Data segment below:

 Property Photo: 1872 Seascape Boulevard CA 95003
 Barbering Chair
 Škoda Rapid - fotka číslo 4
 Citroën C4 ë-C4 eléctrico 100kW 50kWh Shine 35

End of Data segment.

What to work on:
Output the listing above without altering a single character.

Task result:
 Property Photo: 1872 Seascape Boulevard CA 95003
 Barbering Chair
 Škoda Rapid - fotka číslo 4
 Citroën C4 ë-C4 eléctrico 100kW 50kWh Shine 35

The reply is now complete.